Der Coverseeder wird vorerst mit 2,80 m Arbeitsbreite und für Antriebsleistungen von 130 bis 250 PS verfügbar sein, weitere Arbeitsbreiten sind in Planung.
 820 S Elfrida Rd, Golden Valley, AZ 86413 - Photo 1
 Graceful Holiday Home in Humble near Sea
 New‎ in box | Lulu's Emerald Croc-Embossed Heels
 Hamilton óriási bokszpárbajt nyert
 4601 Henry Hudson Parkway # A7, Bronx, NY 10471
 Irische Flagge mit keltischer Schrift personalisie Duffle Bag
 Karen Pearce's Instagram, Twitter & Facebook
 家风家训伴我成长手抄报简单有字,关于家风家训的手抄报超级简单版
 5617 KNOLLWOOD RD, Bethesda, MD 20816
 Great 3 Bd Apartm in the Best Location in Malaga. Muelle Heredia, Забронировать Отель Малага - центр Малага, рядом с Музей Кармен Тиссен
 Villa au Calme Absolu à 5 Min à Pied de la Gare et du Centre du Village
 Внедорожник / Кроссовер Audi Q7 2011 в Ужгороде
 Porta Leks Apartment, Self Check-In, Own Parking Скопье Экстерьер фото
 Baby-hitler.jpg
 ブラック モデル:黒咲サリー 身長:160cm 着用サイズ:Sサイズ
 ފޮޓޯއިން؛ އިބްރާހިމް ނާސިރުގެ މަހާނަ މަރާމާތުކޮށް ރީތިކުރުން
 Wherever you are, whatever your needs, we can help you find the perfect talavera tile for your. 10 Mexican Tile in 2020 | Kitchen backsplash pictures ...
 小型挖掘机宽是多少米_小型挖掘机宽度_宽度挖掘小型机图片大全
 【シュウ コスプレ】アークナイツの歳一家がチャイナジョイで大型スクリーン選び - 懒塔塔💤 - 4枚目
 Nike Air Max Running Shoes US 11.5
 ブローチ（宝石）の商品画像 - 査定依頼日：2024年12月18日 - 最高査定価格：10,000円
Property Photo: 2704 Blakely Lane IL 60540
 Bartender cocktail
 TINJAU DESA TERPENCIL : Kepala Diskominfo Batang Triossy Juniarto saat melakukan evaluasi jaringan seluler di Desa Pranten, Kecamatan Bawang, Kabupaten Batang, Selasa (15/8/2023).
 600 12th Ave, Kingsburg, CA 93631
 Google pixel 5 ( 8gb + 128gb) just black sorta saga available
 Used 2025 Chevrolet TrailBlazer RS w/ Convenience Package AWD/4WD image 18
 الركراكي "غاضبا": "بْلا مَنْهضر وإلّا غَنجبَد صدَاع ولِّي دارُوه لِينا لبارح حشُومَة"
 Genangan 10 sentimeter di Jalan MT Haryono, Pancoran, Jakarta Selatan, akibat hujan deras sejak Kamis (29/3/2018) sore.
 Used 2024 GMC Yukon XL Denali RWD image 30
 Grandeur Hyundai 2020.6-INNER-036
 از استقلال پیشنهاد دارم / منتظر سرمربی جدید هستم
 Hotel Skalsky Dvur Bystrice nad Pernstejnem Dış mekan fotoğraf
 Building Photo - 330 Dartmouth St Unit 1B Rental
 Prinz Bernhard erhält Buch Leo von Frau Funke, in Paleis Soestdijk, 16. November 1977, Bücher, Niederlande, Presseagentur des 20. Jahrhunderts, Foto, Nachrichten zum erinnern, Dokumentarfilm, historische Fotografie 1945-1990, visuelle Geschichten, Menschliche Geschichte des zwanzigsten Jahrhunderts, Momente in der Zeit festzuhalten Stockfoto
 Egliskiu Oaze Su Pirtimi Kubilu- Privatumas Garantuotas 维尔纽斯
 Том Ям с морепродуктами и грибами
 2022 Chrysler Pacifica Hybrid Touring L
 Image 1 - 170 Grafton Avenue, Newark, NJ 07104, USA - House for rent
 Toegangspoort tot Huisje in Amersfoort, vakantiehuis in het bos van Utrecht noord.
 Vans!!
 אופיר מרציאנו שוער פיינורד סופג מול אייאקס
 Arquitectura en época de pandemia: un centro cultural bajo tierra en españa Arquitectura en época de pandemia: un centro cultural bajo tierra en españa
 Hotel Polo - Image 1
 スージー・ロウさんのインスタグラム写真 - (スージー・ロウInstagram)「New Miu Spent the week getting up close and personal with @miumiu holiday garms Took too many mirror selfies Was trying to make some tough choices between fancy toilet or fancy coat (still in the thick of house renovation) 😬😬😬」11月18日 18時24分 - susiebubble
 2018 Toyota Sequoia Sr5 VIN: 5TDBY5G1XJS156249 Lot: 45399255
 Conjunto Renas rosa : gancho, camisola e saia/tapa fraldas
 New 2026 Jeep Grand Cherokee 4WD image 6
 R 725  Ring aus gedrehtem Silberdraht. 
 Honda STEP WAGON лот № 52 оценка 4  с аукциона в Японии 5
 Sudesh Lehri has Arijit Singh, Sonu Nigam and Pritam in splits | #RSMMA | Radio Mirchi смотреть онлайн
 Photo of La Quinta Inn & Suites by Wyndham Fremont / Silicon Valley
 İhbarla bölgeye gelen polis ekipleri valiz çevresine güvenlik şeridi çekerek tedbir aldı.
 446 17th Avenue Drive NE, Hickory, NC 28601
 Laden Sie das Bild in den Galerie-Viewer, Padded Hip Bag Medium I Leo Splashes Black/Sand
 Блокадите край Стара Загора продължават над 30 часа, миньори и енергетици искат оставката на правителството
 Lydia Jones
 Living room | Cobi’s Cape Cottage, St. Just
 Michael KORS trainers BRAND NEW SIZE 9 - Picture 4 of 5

+===+

Please print, exactly and with nothing else, the lines from the first line of the entries through the line containing "New‎ in box".

TASK SOLUTION »
Der Coverseeder wird vorerst mit 2,80 m Arbeitsbreite und für Antriebsleistungen von 130 bis 250 PS verfügbar sein, weitere Arbeitsbreiten sind in Planung.
 820 S Elfrida Rd, Golden Valley, AZ 86413 - Photo 1
 Graceful Holiday Home in Humble near Sea
 New‎ in box | Lulu's Emerald Croc-Embossed Heels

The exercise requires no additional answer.